◆ **Requirement**: Every line from the first one in the data below through the line holding "IR Imperial Rooms" is to be written out exactly, with the pictures omitted.

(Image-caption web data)
== Segment start ==
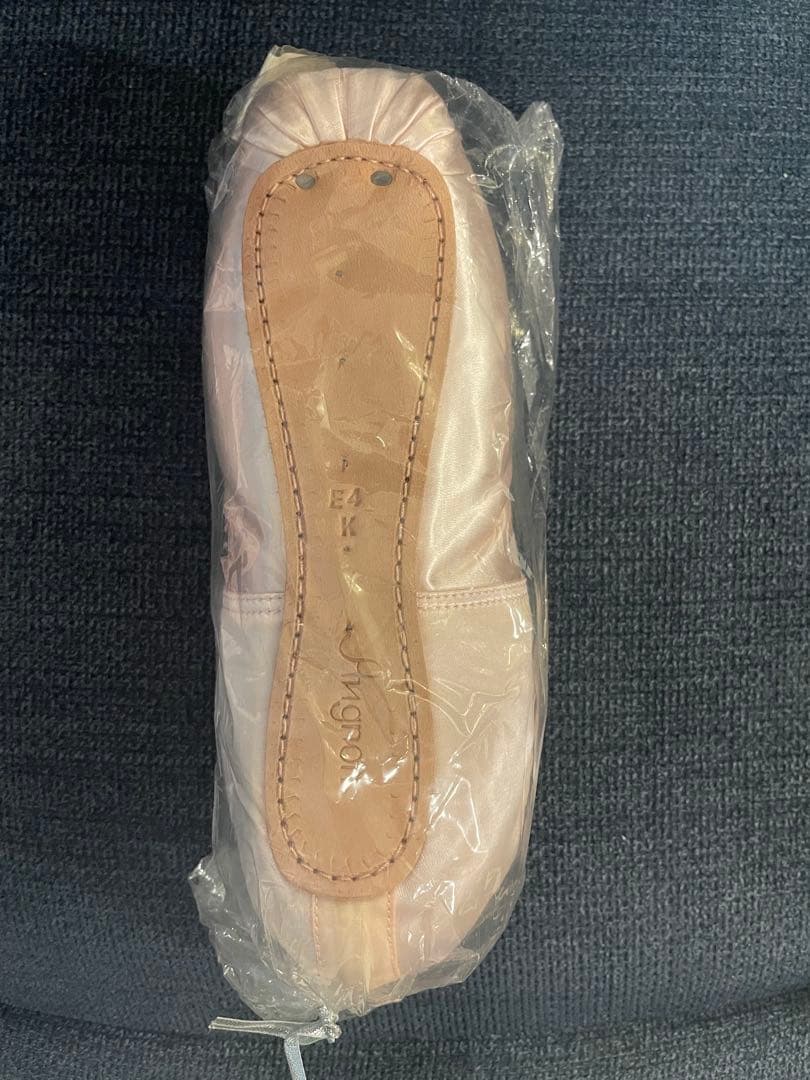 アビニヨン トゥシューズ　24cm E幅　マークＫ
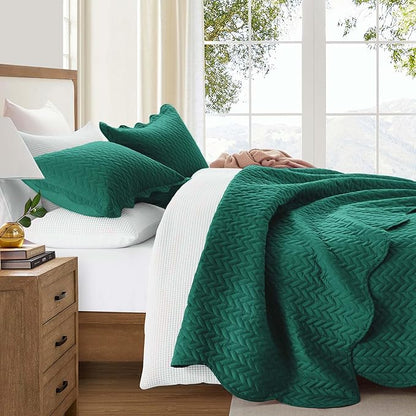 IR Imperial Rooms California King Quilt Bedding Set Size (118"x106") + 2 Pillow Shams (20" x 36"+ 2") - 3 Pcs All Season Reversible Microfiber Coverlet Embossed Quilt Bedspread (Emerald)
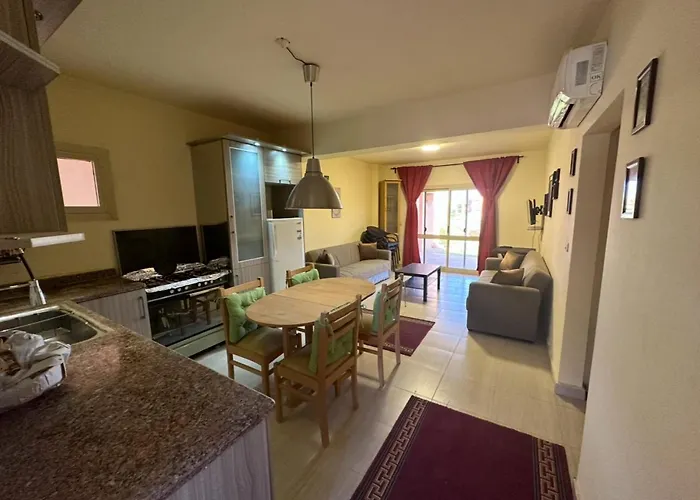 2 Bedroom Chalet Pool& Sea View Just Steps From The Sea Fanar De Luna Ain Sokhna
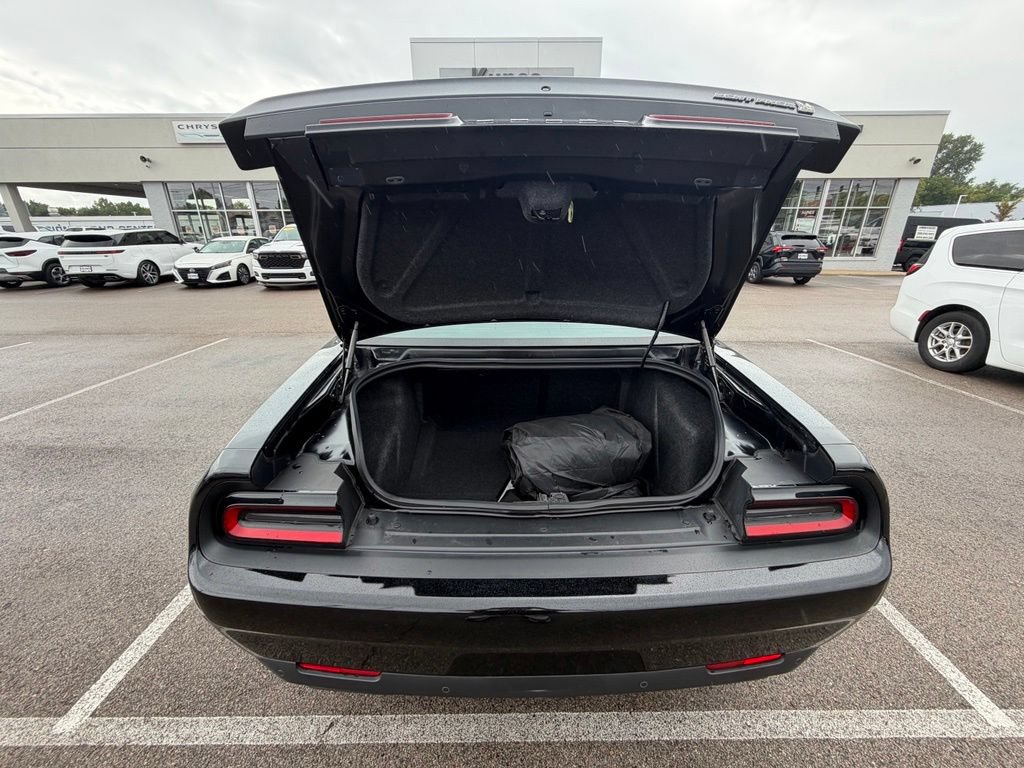 Used 2023 Dodge Challenger R/T Scat Pack RWD image 6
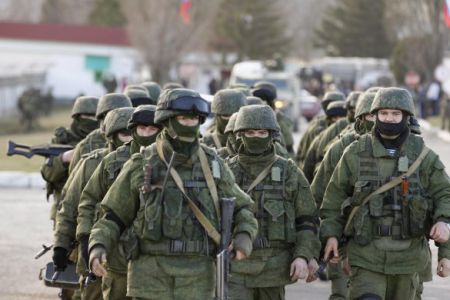 РФ сосредоточила у границ Украины 10 батальонов, - генерал США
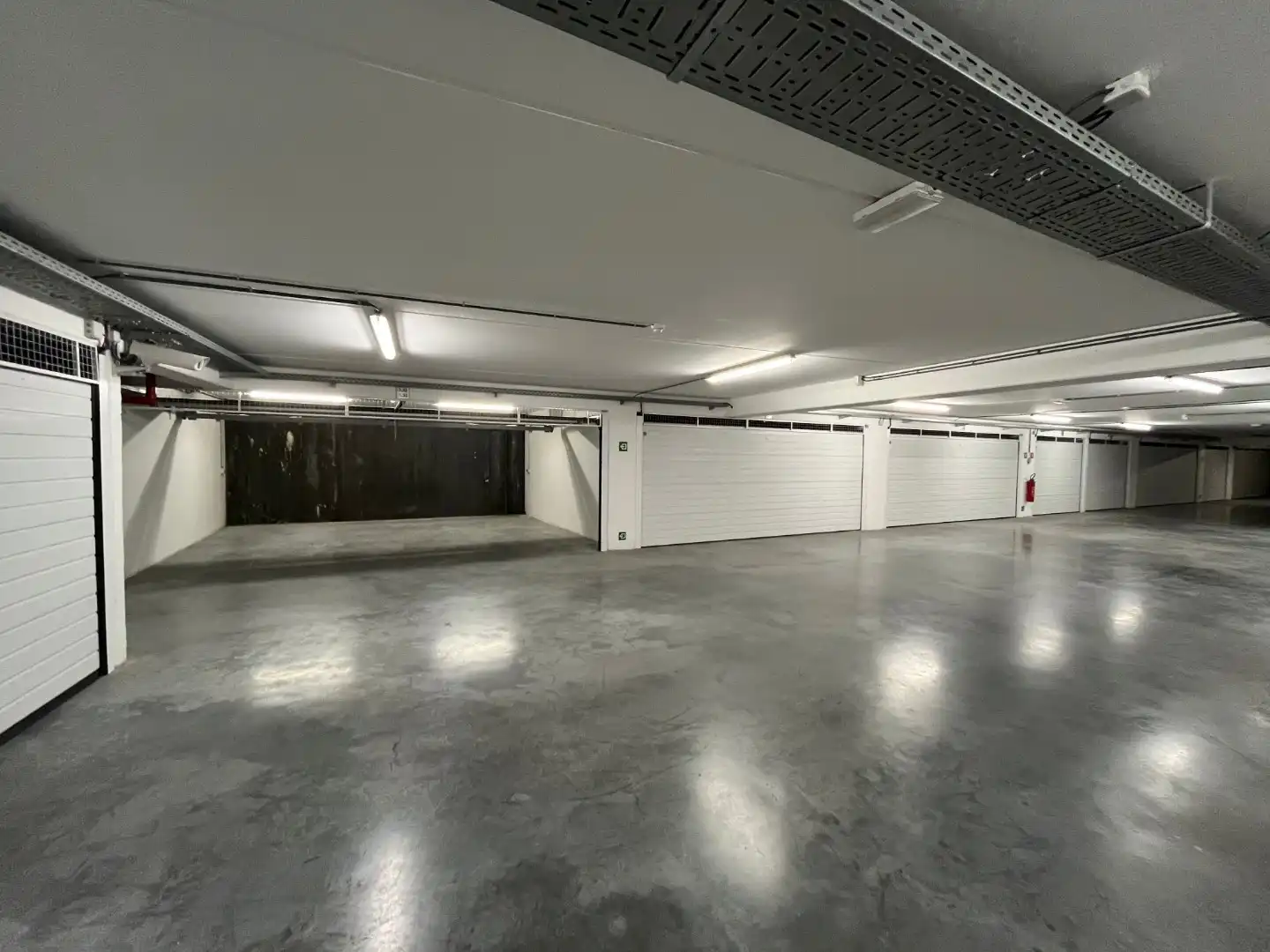 Vlot inrijdbare, dubbele garagebox, gelegen op Kustlaan - Het Zoute foto {{pictureIndex}}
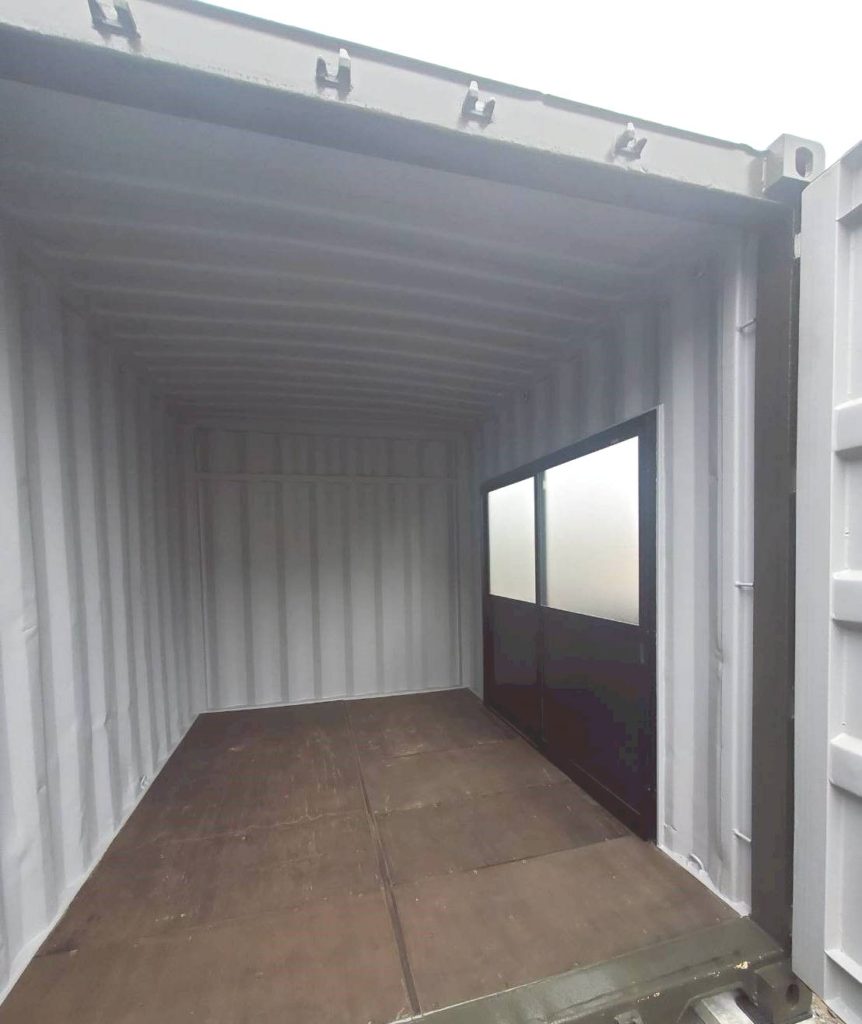 埼玉県入間市
10ft中古コンテナ
オリーブドラブ
引き違い戸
== Segment end ==
◆ **Output of the task**:
 アビニヨン トゥシューズ　24cm E幅　マークＫ
 IR Imperial Rooms California King Quilt Bedding Set Size (118"x106") + 2 Pillow Shams (20" x 36"+ 2") - 3 Pcs All Season Reversible Microfiber Coverlet Embossed Quilt Bedspread (Emerald)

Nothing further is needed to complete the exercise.